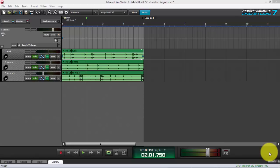There are a lot of YouTube tutorials on parallel compression using other DAWs. The difference here is I'm using Mixcraft 7. Some people duplicate the submix, drum track, or bass track and heavily compress the second copy. In my approach, I'm going to use a send track to do the parallel compression.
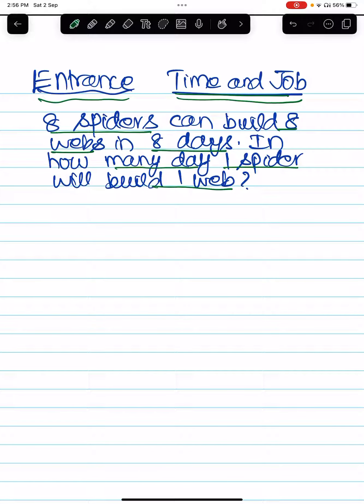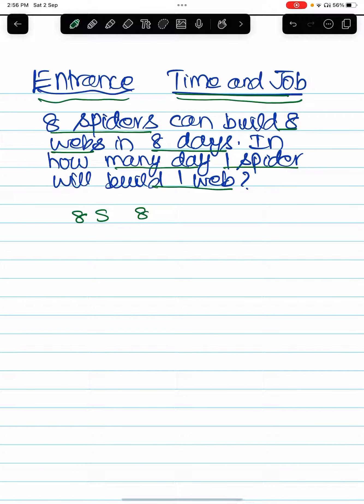First condition: eight spiders can build eight webs in eight days. S for spider, W for web, and D for days.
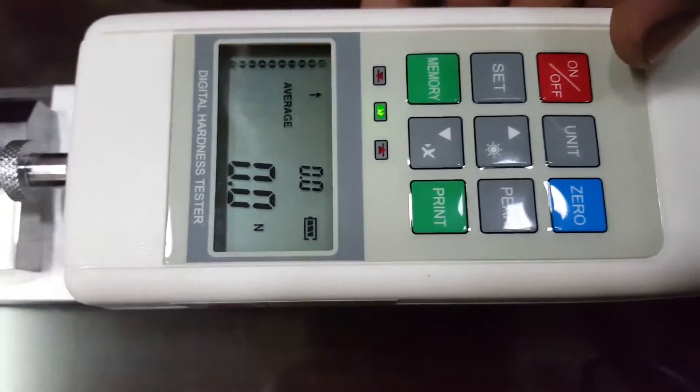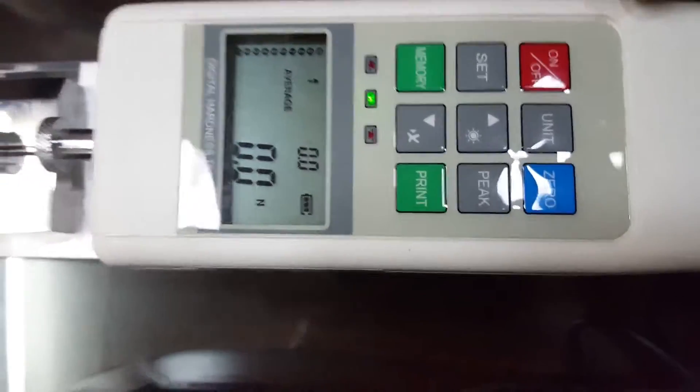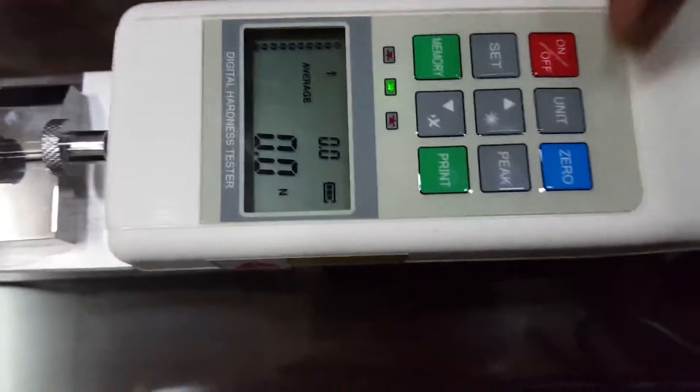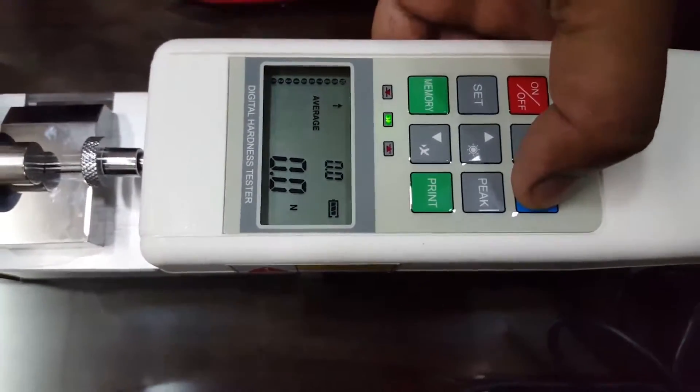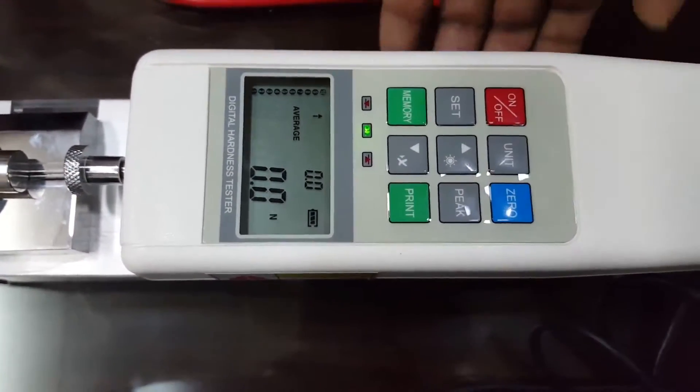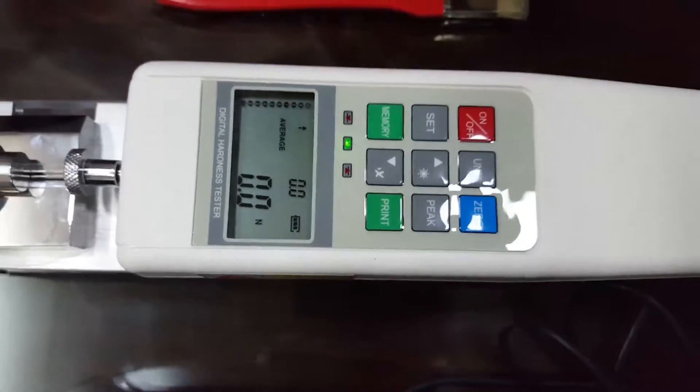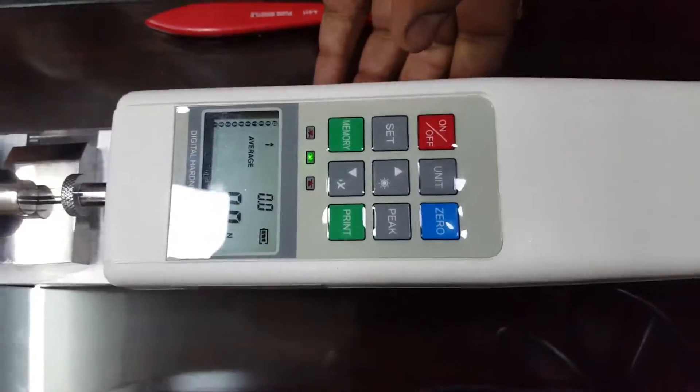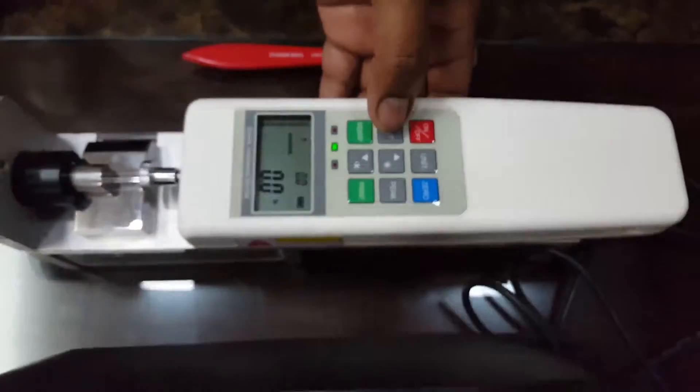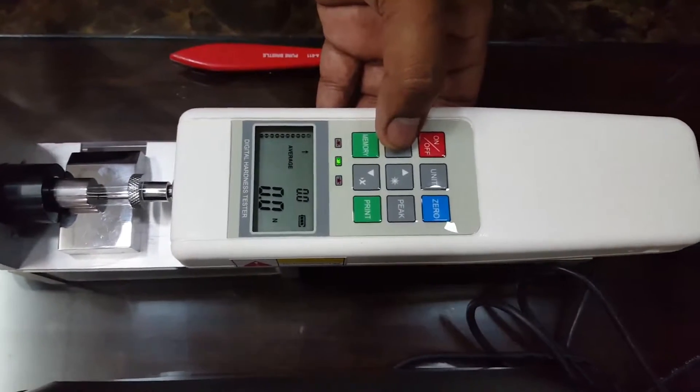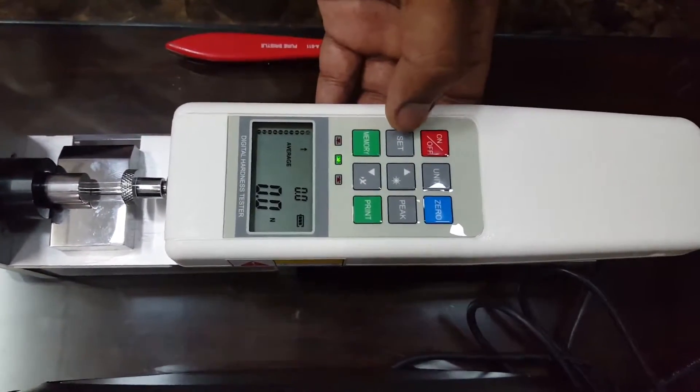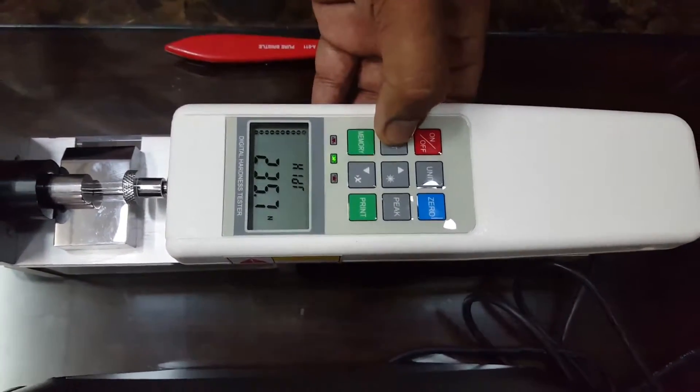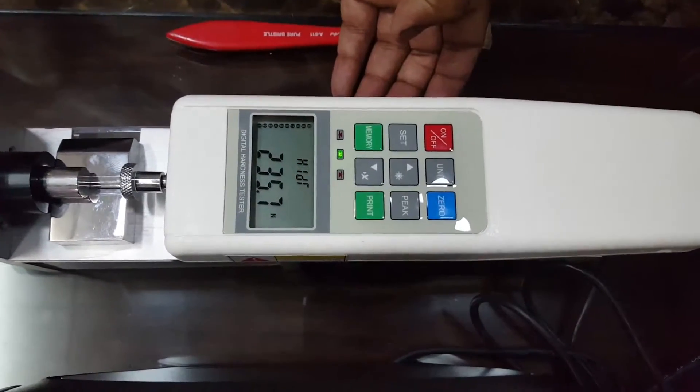Zero is to reset the reading to zero. The Set feature is to set the L1, L2 or H1, H2 limits. We can program the limit from L1, L2 to H1 and H2.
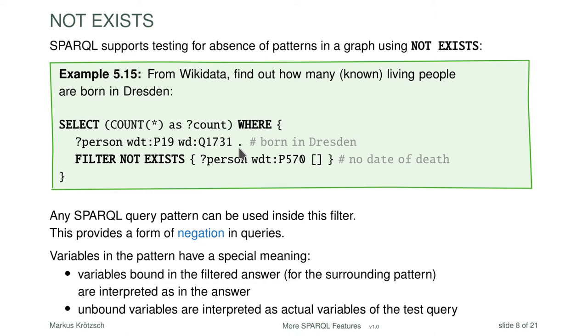The living people are those who don't have a date of death, so you filter for those where such a triple does not exist. Using a blank node makes it more readable because it shows we don't care about the specific value. This gives you all persons without a triple matching this pattern — those for whom such a triple does not exist. This is very useful in practice because in many knowledge graph models, substantial information lies in the omissions — the edges that are not there.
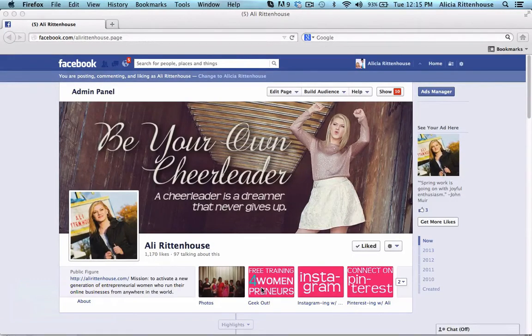Welcome everybody, it's Ali Rittenhouse. In this tutorial you are going to learn how you can create custom Facebook thumbnail images for your Facebook page.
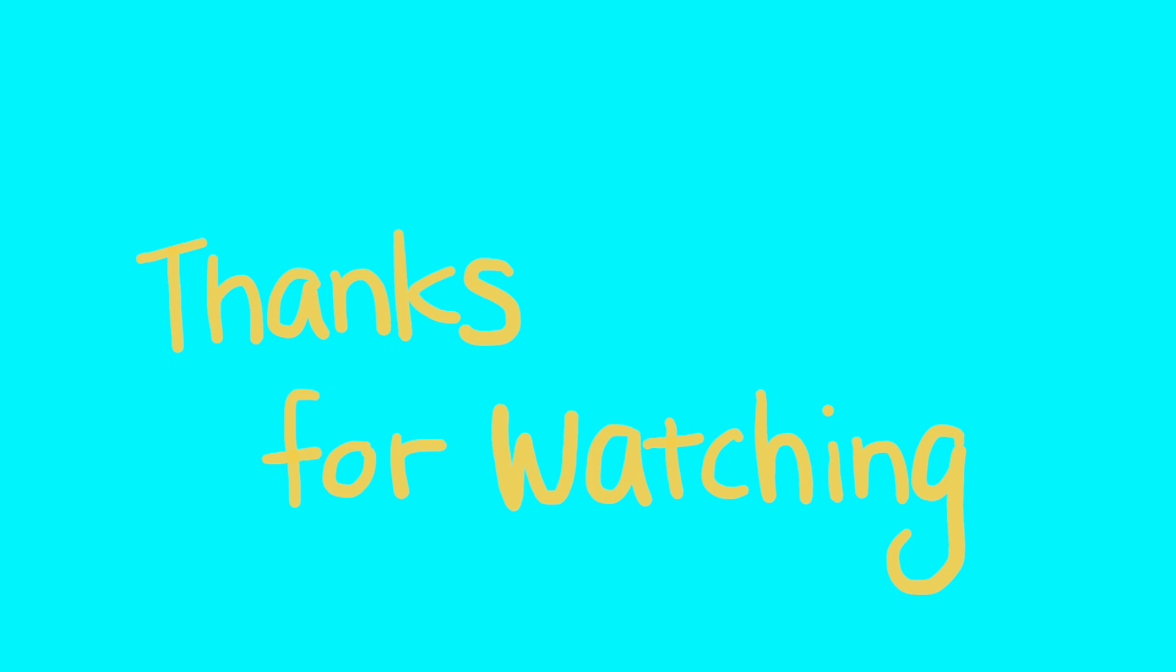I hope you enjoyed this lesson. Thanks for watching. And I will see you in the next lesson. Bye-bye.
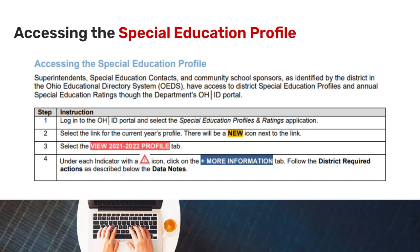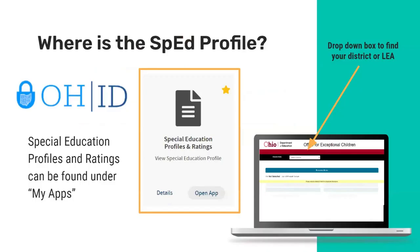The steps on your screen come straight from the indicator manual, which will later be released in your special education profile, showing you how to go step by step to access your profile. In your OHID portal under My Apps, you will find the Special Education and Profile Ratings app shown in the center of your screen. You will click Open App, then a new screen will appear where you select your district or LEA in a drop-down box to view your 2021-2022 special education profile.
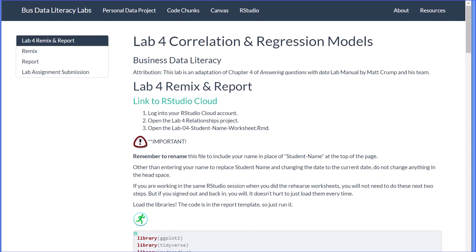Hi, this is Dr. Don. I want to take a few minutes and do a quick walkthrough of the Lab 4 Remix and Report assignment. This is on Correlation and Regression Modules.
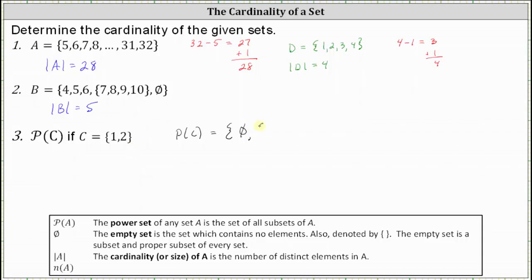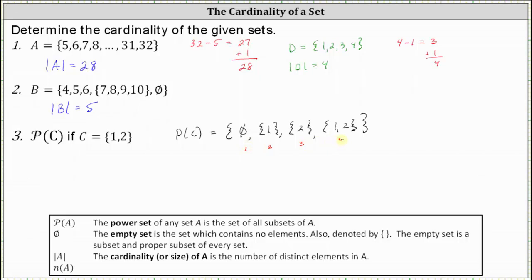The first subset would be the set containing the element one. The second subset would be the subset containing two. The last subset is a subset of set C containing two elements, or the subset equal to set C itself, which is the set containing one and two. So here we have the power set of set C. Notice there are four distinct elements in the power set, where each element is a set. The cardinality of the power set of C is equal to four.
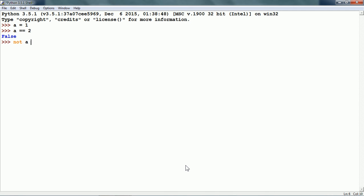So if I write NOT a is equal to 2, what happens is that here we are using both the comparison operator as well as the logical operator. The comparison operators have higher priority than logical operators, so a is equal to 2 is evaluated first.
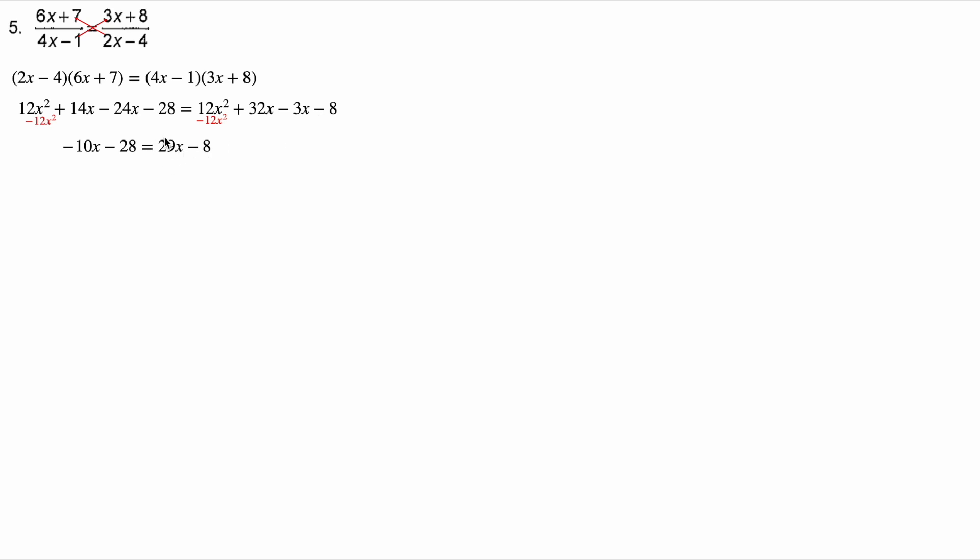I have more x's on the right hand side. I wanna get rid of this negative 10 x, so I'm gonna add 10 x to both sides. I also wanna get rid of this negative eight, so I'm gonna add eight here. But if I add eight to this side, I have to add eight to the other side as well. That gives us negative 20 is equal to 39 x.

======

ASSIGNMENT ▸ Set down exactly the lines running from the beginning of the entries above to the line that contains "Zero is to reset", including both, and leave out pictures.

PROBLEM SOLUTION ▸
There are a lot of YouTube tutorials on parallel compression using other DAWs. The difference here is I'm using Mixcraft 7. Some people duplicate the submix, drum track, or bass track and heavily compress the second copy. In my approach, I'm going to use a send track to do the parallel compression.
First condition: eight spiders can build eight webs in eight days. S for spider, W for web, and D for days.
Zero is to reset the reading to zero. The Set feature is to set the L1, L2 or H1, H2 limits. We can program the limit from L1, L2 to H1 and H2.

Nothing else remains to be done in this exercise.